2. Start at the `root_hash`.
3. Recursively (`recursive_get`) fetch the node corresponding to the current hash from the `db`.
4. Based on the node type:
* `Empty`: Key not found -> `None`.
* `Leaf`: If the leaf's `path` matches the *remaining* `NibblePath`, return the `value`. Otherwise -> `None`.
* `Extension`: If the `NibblePath` starts with the extension's `path`, consume that part of the path and recurse using the `next_node_hash` and the rest of the `NibblePath`. Otherwise -> `None`.
* `Branch`:
* If the `NibblePath` is now empty, return the branch's optional `value`.
* Otherwise, take the *next* nibble from the `NibblePath`, look up the corresponding `child_hash` in the `children` array. If `Some(hash)`, recurse using that `hash` and the rest of the `NibblePath`. If `None` -> `None`.
* **`put(key, value)` (Insertion/Update):**
1. Convert `key` to `NibblePath`.
2. Start at the `root_hash`.
3. Recursively (`recursive_put`) traverse the trie similar to `get`.
4. When the correct position/node is reached, modify the trie structure. This is the complex part involving several cases:
* **Inserting into `Empty`:** Creates a new `Leaf` node.
* **Inserting into `Leaf`:**
* If keys match exactly: Update the value if different, creating a *new* Leaf node (with a new hash).
* If keys diverge: Replace the `Leaf` with a new `Branch` (and potentially an `Extension` if there was a common prefix). The original leaf data and the new data are placed appropriately within or below the new `Branch`.
* **Inserting into `Extension`:**
* If the path matches the extension fully: Recurse down to the `next_node_hash`.

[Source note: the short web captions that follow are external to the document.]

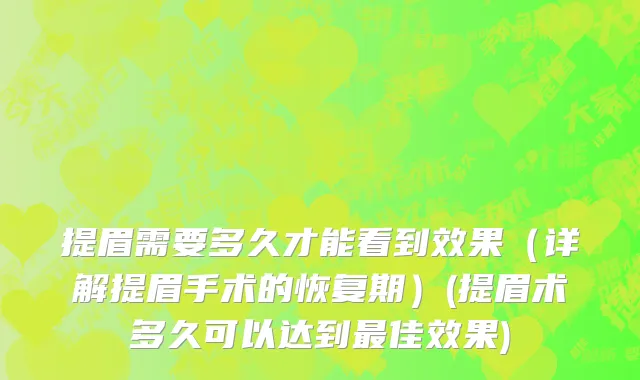 提眉需要多久才能看到效果（详解提眉手术的恢复期）(提眉术多久可以达到最佳效果)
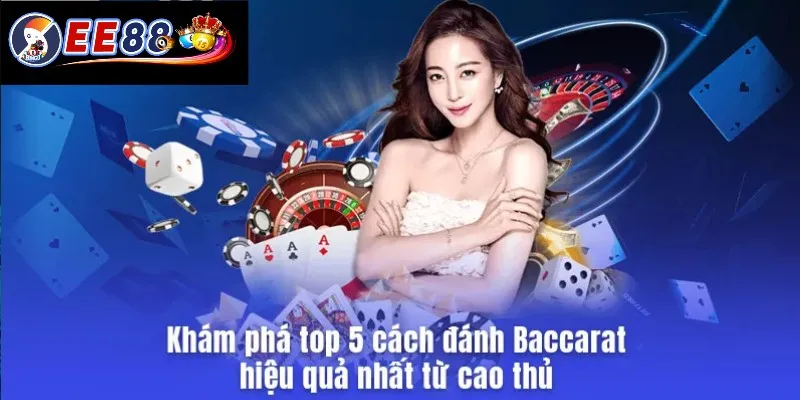 5 cách đánh Baccarat hiệu quả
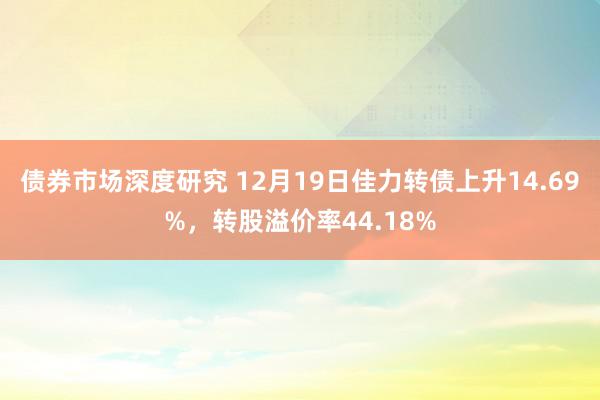 债券市场深度研究 12月19日佳力转债上升14.69%，转股溢价率44.18%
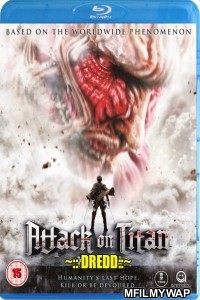 Attack On Titan (2015) Hindi Dubbed Movie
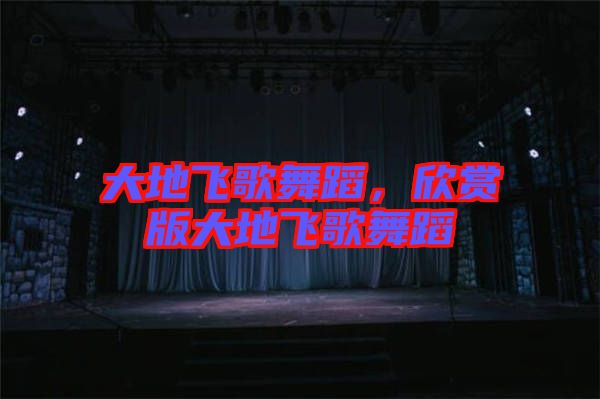 大地飛歌舞蹈，欣賞版大地飛歌舞蹈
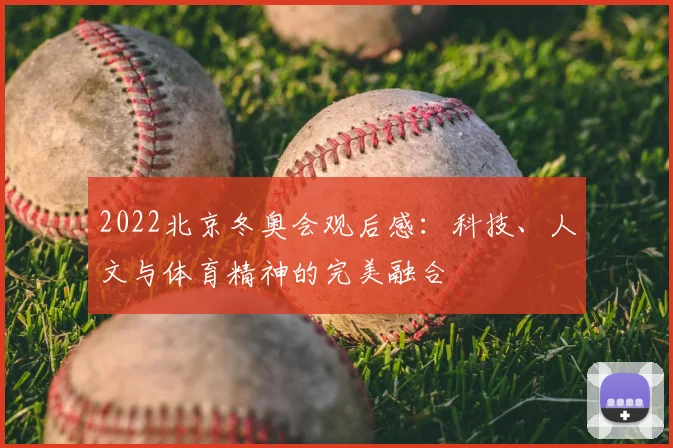 2022北京冬奥会观后感：科技、人文与体育精神的完美融合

* If the path diverges within the extension: Split the `Extension`. Create a new `Branch` at the divergence point, and potentially a new `Extension` leading to it.
* **Inserting into `Branch`:**
* If the path ends here: Update the `value` of the `Branch`.
* If the path continues: Recurse down the appropriate child path (creating it if it's `None`).
5. **Crucially:** Whenever a node is modified or created, it's serialized and stored (`store_node`), generating a *new hash*. This new hash is returned upwards.
6. Parent nodes (Branches/Extensions) update their `children` or `next_node_hash` with the *new* hash received from the recursive call. This process repeats up to the root.
7. The final hash returned by the top-level `recursive_put` call becomes the *new* `root_hash` of the entire trie.
**Example Walkthrough (from `main`):**
1. **`trie.put(b"dog", b"puppy")`**: `dog` -> `[6,4,6,f,6,7]`. Trie is likely empty. Creates a `Leaf` node, stores it, updates `root_hash`.
2. **`trie.put(b"doge", b"coin")`**: `doge` -> `[6,4,6,f,6,7,6,5]`.
* Traverses to the `Leaf` for "dog".
* Finds common prefix `[6,4,6,f,6,7]`.
* Replaces the `Leaf` node:
* A new `Branch` node is created.
* The `Branch` gets the value `"puppy"` (since "dog" terminates here).
* The `children[6]` slot (for the 'e' nibble) points to a *new* `Leaf { path: [5], value: "coin" }`.
* If the original "dog" Leaf wasn't the direct root, an `Extension` node might be created/updated to point to this new `Branch`.
* New nodes are stored, hashes propagate up, `root_hash` changes.
3. **`trie.put(b"do", b"verb")`**: `do` -> `[6,4,6,f]`.
* Traverses the trie. Let's assume it encounters an `Extension` node with path `[6,4,6,f,6,7]` (leading to the "dog"/"doge" structure).
* The path "do" (`[6,4,6,f]`) diverges *within* this extension path.
* The `Extension` is split:
* A new `Branch` node is created representing the divergence point after `[6,4,6,f]`.
* This `Branch` gets the value `Some("verb")` (since "do" terminates here).
* Its `children[6]` slot (for the next nibble 'g' in "dog") points to a *new* node (likely another Extension or Branch) representing the rest of the original "dog"/"doge" structure (e.g., `Extension { path: [7], next_node_hash: HASH_OF_DOG_BRANCH }`).
* If the original split Extension wasn't the root, a *new* `Extension` node might be created with path `[6,4,6,f]` pointing to the new `Branch`.
* Again, new nodes, new hashes, new `root_hash`.
This process of node creation, splitting, and hash propagation ensures the trie remains consistent and the `root_hash` accurately reflects its entire state after each modification.